GM Stock – 3 Renewable Energy Stocks That Simply Cannot Be Stopped
Renewable energy continues to disrupt the traditional energy industry as the costs of wind, solar, and other renewable sources of energy come down. That’s created a multi-trillion-dollar opportunity in the industry that extends from electrical power generation to electric vehicles and energy storage.
As we look at opportunities with decades of potential growth, three of our contributors identified General Motors ((NYSE:GM)), Lucid Motors through Churchill Capital Corp IV (NYSE:CCIV), and NIO (NYSE:NIO) as renewable energy stocks that could crush the market. They’re not traditional renewable energy stocks, but they are bringing a lot of disruption to the energy industry long term.
The mass-market EV company
Travis Hoium (General Motors ): Renewable energy comes in a lot of forms and doesn’t have to be just about wind and solar replacing energy sources like coal and natural gas.

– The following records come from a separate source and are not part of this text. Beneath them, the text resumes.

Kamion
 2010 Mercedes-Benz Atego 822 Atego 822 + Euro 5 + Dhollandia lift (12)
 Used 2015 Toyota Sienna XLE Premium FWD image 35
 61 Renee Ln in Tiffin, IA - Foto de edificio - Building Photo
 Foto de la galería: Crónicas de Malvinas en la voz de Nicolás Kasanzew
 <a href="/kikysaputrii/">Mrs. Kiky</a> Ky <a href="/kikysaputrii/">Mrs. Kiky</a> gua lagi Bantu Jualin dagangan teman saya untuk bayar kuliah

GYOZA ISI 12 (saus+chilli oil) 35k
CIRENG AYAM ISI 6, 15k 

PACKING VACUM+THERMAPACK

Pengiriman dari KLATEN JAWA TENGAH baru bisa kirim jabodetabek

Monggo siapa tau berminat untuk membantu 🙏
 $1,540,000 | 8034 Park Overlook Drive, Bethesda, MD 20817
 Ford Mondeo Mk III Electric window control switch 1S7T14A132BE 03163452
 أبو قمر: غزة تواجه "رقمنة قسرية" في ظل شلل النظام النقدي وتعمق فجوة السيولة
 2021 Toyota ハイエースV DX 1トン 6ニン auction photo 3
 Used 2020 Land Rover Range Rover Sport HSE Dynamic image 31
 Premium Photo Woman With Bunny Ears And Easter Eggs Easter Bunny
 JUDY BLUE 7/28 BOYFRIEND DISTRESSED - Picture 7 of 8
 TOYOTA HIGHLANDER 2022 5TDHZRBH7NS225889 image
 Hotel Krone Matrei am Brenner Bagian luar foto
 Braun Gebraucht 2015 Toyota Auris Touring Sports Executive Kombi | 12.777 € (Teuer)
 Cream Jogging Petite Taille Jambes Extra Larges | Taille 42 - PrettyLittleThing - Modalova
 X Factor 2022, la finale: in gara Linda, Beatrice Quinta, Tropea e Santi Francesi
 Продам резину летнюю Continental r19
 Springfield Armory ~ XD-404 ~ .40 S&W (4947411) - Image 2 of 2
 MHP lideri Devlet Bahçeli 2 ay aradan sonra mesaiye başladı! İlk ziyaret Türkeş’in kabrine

A large portion of the energy we consume is in the form of oil in vehicles. Making the transition to electric vehicles in the mass market is critical to using more renewable energy, and General Motors will be a key to mass-market EVs.
Tesla ((NASDAQ:(TSLA))) gets most of the attention in the EV market, but GM is investing $27 billion in EV and autonomous vehicle product development between 2020 and 2025 and expects to deliver 1 million electric vehicles globally by 2025. The company has already announced the Chevy Bolt, Cadillac LYRIQ, GMC Hummer EV, and an upcoming Silverado electric pickup, but that’s likely just the start. Forty percent of models are expected to be electric by 2025 and management thinks the entire fleet could be electric by 2035.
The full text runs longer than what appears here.